So, Earl, do you think they are talking weeks or just a few months after September that they will change to Mpeg 4 for everything? If so, I guess I will just have to suck it up and replace my HR10-250s. I was going to try to keep the HD TiVos and the HR20's going at the same time to keep as much as possible on the TiVos, but if I can;t get HBO, Showtime, ESPN, etc on the TiVo then it is just not worth it.


----------



## Earl Bonovich (Nov 15, 2005)

Lee L said:


> So, Earl, do you think they are talking weeks or just a few months after September that they will change to Mpeg 4 for everything? If so, I guess I will just have to suck it up and replace my HR10-250s. I was going to try to keep the HD TiVos and the HR20's going at the same time to keep as much as possible on the TiVos, but if I can;t get HBO, Showtime, ESPN, etc on the TiVo then it is just not worth it.


IMHO... months, but not a lot of months.


----------



## jordanzimmerman (Jan 20, 2006)

They are offering me a "free" box for shipping IF I agree to a 2 year commitment. This is pissing me off. I've been with DirecTV since the first sat went up. Comcast is going to have a true Tivo box in about a month. I just sent D* a flame-email. We'll see...


----------



## Chuck584 (Apr 17, 2007)

jordanzimmerman said:


> They are offering me a "free" box for shipping IF I agree to a 2 year commitment. This is pissing me off. I've been with DirecTV since the first sat went up. Comcast is going to have a true Tivo box in about a month. I just sent D* a flame-email. We'll see...


Be aware that the HR20 is not a TiVo box and never will be.

Take time to consider all options before committing to the 2 year agreement to get the HR20.

If you use the TiVo to keep track fo two channels at a time (as in watch a baseball and football game), be aware the HR20 has a "single live buffer" where the TiVo has the "double live buffer".

For me, TiVo is important enough to switch providers. I'd wait to see what deal Comcast rolls out with their TiVo with Video On Demand (real VOD, not VOD as in shows you saved on hard disk).

When I signed up for HD in April, the sales CSR said double live buffer was a priority and I'd have TiVo-like functionality. Earl has just told me "double live buffer" is not being developed. "TiVo-like functionality" means "bares bones DVR which works most of the time".

D* Customer Service has told me, over the past week, that I can't use two HR20s in one room, I can use 2 HR20s in one room only if I use two TVs, and they didn't know how I could program the RC34 remote to control 2 HR20s.

I called about a second HR20. $299 plus shipping. I asked about the cancellation fee, second HR20 free plus shipping.

The good news is D* and TiVo annouced today that D* TiVo customers will get most of the features the rest of TiVo world has enjoyed for years sometime around January.

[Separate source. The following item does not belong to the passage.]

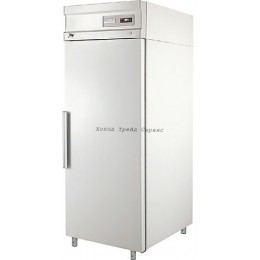 Морозильный шкаф Polair CВ107-S (R290)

I'd like to think there is a glimmer of hope that D* realizes the mess their DVRs are compared to TiVo and may head down the path to enlightenment.
:lol:


----------



## Earl Bonovich (Nov 15, 2005)

Chuck584 said:


> Be aware that the HR20 is not a TiVo box and never will be.


Nor was it ever billed or designed to be a TiVo Box



Chuck584 said:


> For me, TiVo is important enough to switch providers. I'd wait to see what deal Comcast rolls out with their TiVo with Video On Demand (real VOD, not VOD as in shows you saved on hard disk).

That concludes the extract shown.